For some students, the start of their first year can be an absolute b—-. You’re in a new environment. You’re (most likely) miles and miles away from home. You’re trying to figure out the basics, like when to do laundry. You’re trying to make friends. You’re constantly playing a game of catch-up with homework. You’re trying your best to understand new, difficult and demanding material. And you may even be freaking out because you can’t differentiate Pearson Hall from Bromfield-Pearson from Eliot-Pearson.
For students whose families played an integral role in their upbringing, the start of their first year can be even more difficult. The harsh reality is that this is just a part of college life: You simply can’t pack Mom or Dad or Uncle John or Auntie Sheila in your suitcases.

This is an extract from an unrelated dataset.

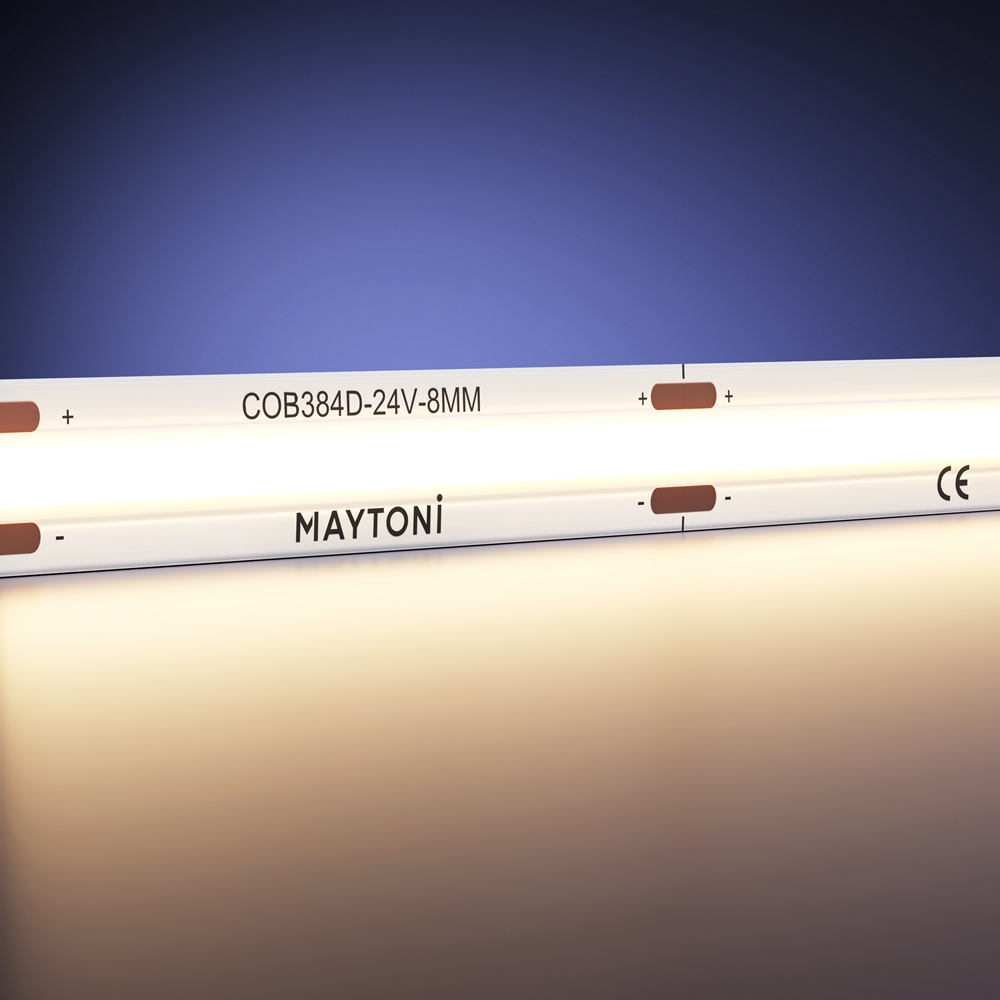 Maytoni Led Strip Светодиодная лента 24В COB 12Вт/м 2700К 5м IP 20 201074 фото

This is why Parents and Family Weekend is fantastic for first-years: Seeing those familiar faces amid a sea of new ones certainly offers comfort. Parents and Family Weekend falls at about the halfway mark into first semester, a time when first-years especially begin to feel homesick and restless. What I like about this event is that older students can still invite their family members to visit them, even though this event is somewhat intended for first-years.
Although I’m no longer a first-year, my aunt and uncle visited Tufts this past weekend. They didn’t choose to visit this particular weekend because it was Parents and Family Weekend — it was merely a coincidence.
Whether you’re a first-year or not, it’s a treat to have family visit you — regardless of whether it’s during a specified date range marked on this year’s academic calendar.
Indeed, it was a treat to have been visited. I won’t be going home for Thanksgiving break, so this visit was especially memorable. We began our Saturday morning at the Neighborhood Restaurant & Bakery, unequivocally the home of the world’s best cream of wheat. We then spent the rest of our day at the Museum of Fine Arts and our jaws dropped in awe and marvel at various artists’ craftsmanship and skill. We ended the day by waiting in line (in the rain, like champs) at Mike’s Pastry for some chocolate and caramel cannolis. That evening, we went to an Italian restaurant in Davis Square, after which they dropped me back off at Wren.
Their flight departed from Logan Airport before the crack of dawn that next morning. Even though we spent only one day together, I do believe that math can back me up in saying that one is greater than zero.
Now that I’ve had a year’s worth of college experience, I’m less homesick and less dependent on family to help me along my way. But I always love the occasional visit.